Второй фортепианный концерт – одно из самых любимых нами произведений, мы слышали его в исполнении множества прекрасных музыкантов, включая Эмиля Гилельса и Евгения Кисина, и знаем его наизусть. Николай Луганский нас не разочаровал! С интеллигентностью, отличающей исполнительскую манеру этого музыканта, обладающего, как говорили мы потом за сценой, и умом, и сердцем, и руками, он сыграл так, что проняло – особенно вторая часть - до слез. Причем не только нас. В антракте, зайдя за кулисы, мы столкнулись с виолончелистом Сергеем Чернядьевым, работающим в оркестре уже много-много лет. Глаза у него были подозрительно красные. «Вы тоже?», - спросила я. «Да! - развел он руками. – В России так больше никто не играет!»
Не скрывала своего восторга и известная нашим читателям Люба Манц, предпринимательница и меценат из Цюриха, которую мы регулярно встречаем на знаковых культурных мероприятиях. Преодолев кордон Securitas, госпожа Манц сумела пробраться за кулисы и в антракте, и после концерта, чтобы лично поздравить музыкантов.
А мы, в очередной раз слушая переворачивающую душу музыку Рахманинова, думали о том, что только русский исполнитель, да и то далеко не каждый, может до конца проникнуться ею и донести до внимательной и открытой для восприятия аудитории всю «русскость» великолепного фортепианного концерта, написанного 28-летним Рахманиновым, говорившим о себе: «Я русский композитор, и моя родина наложила отпечаток на мой характер и мои взгляды».

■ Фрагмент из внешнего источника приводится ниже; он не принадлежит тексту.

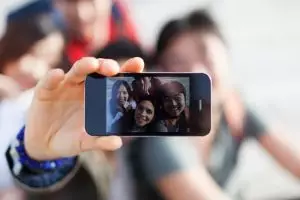 Foto selfie ini bikin pengunggahnya tambah 5 juta followers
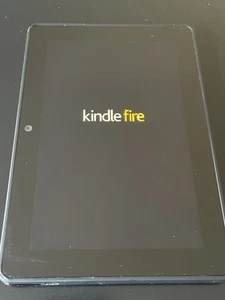 Amazon Kindle Fire HDX 7 (3rd Generation) 12GB, Wi-Fi, Black - Picture 1 of 5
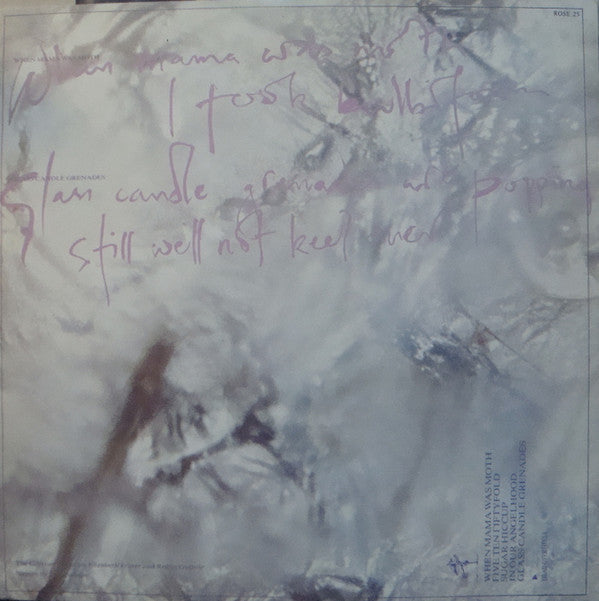 Cocteau Twins : Head Over Heels (LP, Album)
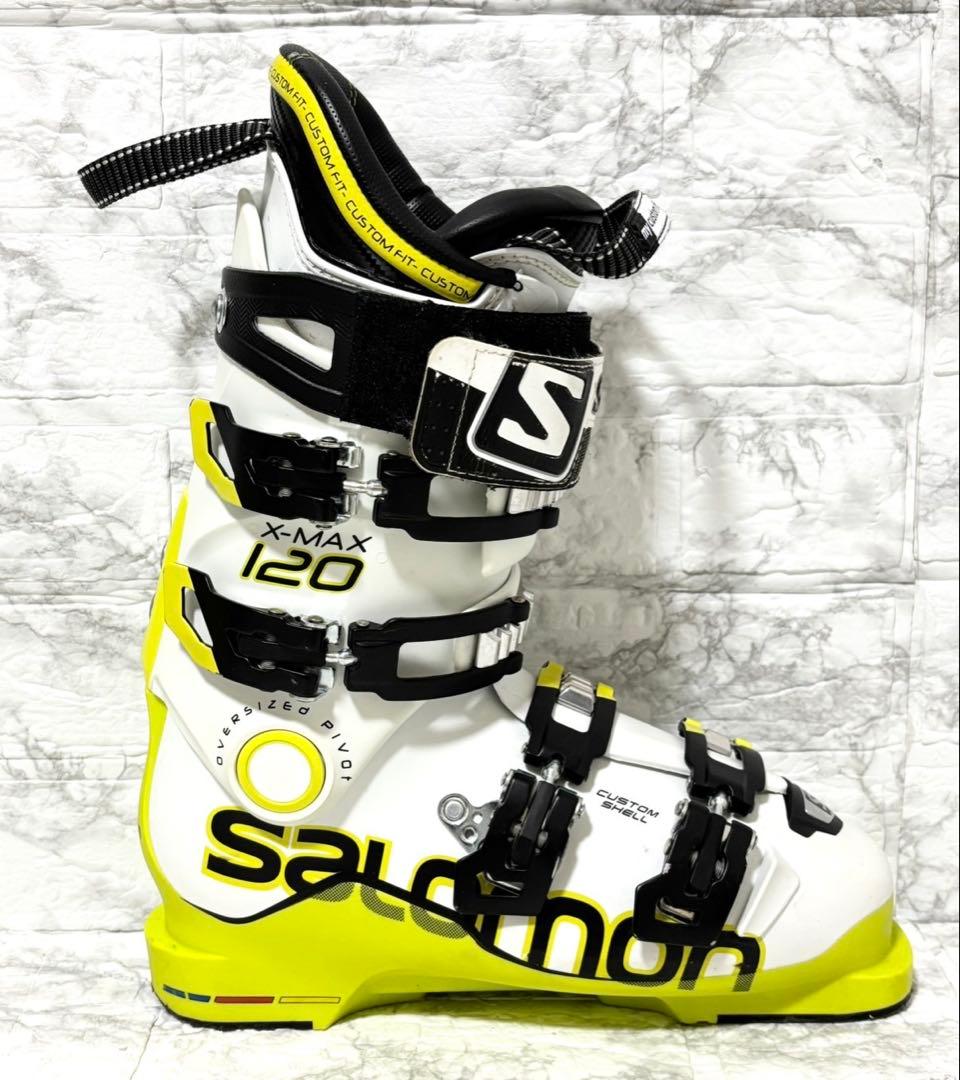 SALOMON X-MAX 120 25.0cm スキーブーツ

Принято говорить о лиризме Рахманинова, о присутствии в его сочинениях традиционных русских мелодий и ассоциирующегося с Россией ощущения размаха, мощи, беспредельности. Все это, безусловно, есть. Но почему-то в тот вечер в Люцерне возник у нас и еще один образ – души, рвущейся из несвободы к свободе.
Мы очень рады, что Николаю Луганскому понравился зал KKL, который он поставил в один ряд с венским Musikverein и амстердамским Concertgebouw – значит, есть надежда, что он сюда еще приедет!

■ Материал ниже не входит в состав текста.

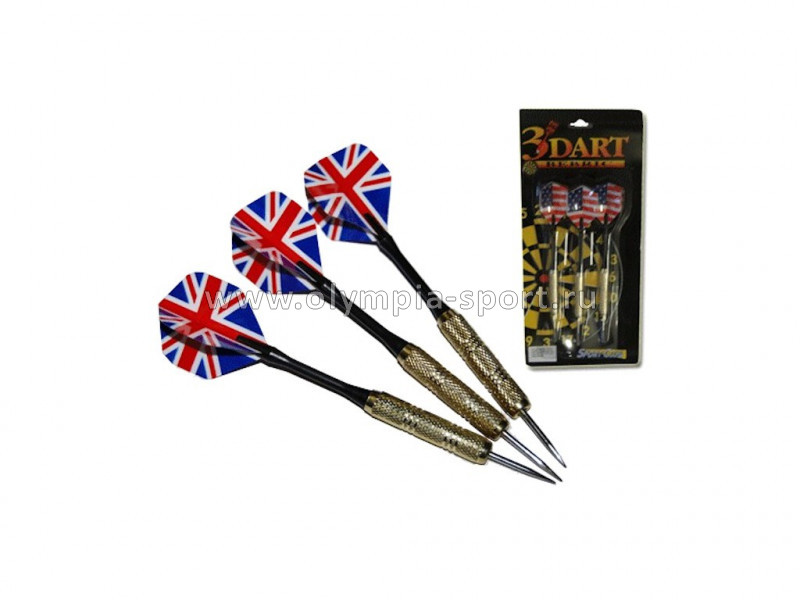 Дротики для дартса 3х24гр (блистер)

… Получается, что из всей темиркановской программы к юмористической теме фестиваля больше всего подходит Девятая симфония Шостаковича, что удивит тех, кто считает выдающего композитора ХХ века слишком серьезным, сложным, а то и просто скучным.

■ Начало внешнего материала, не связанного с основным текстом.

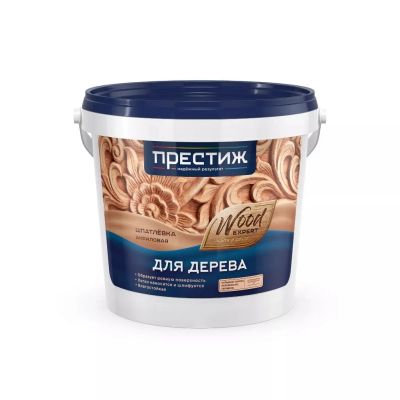 Лот: 24085120. Фото: 1. Шпатлевка Престиж, акриловая... Смеси, шпатлевки, цемент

Удивил Дмитрий Дмитриевич и своих современников, присутствовавших 3 ноября 1945 года на премьере симфонии в Ленинграде, в исполнении все того же Оркестра Ленинградской тогда еще филармонии, но под управлением Евгения Мравинского. Удивила, особенно после монументальных военных симфоний, и ее непродолжительность (всего 25 минут, одна из причин редкого включения ее в концертные программы), и «неопределенность» – ведь в СССР необходимо было на все наклеивать ярлыки. А тут кому-то послышалась в ней Четвертая Малера, кому-то Прокофьев, кому-то Гайдн с Моцартом – и каждый был прав, что не лишало произведение полной самобытности. С идеологической точки зрения – а куда же без нее?! – многих разочаровало отсутствие внешнего пафоса, а значит, недостаточное осознание автором величия победы. Шостаковичу ли было не осознать! Были, к чести журналисткой братии, и те, кто услышали в легкой, изящной музыке именно безграничную радость композитора от того, что пятилетний кошмар закончился, его своеобразный вздох облегчения. В итоге, после обсуждения в прессе и за закрытыми дверями высоких кабинетов, вердикт был вынесен такой: определить симфонию как «лирико-комедийное произведение, не лишенное драматических элементов, оттеняющих основную линию развития» и как «трагедийно-сатирический памфлет». Ну, и на том спасибо.
Близкие к Темирканову люди немного волновались – как после хорошо известных произведений Чайковского и Рахманинова воспримут швейцарцы Шостаковича? Мы этих волнений не разделяли, и оказались правы – восприняли на ура! Волшебные руки Юрия Хатуевича сотворили очередное маленькое чудо, а его обезоруживающие улыбки, обращенные к музыкантам оркестра, словно в зеркале отражались на лицах слушателей. Браво, Маэстро!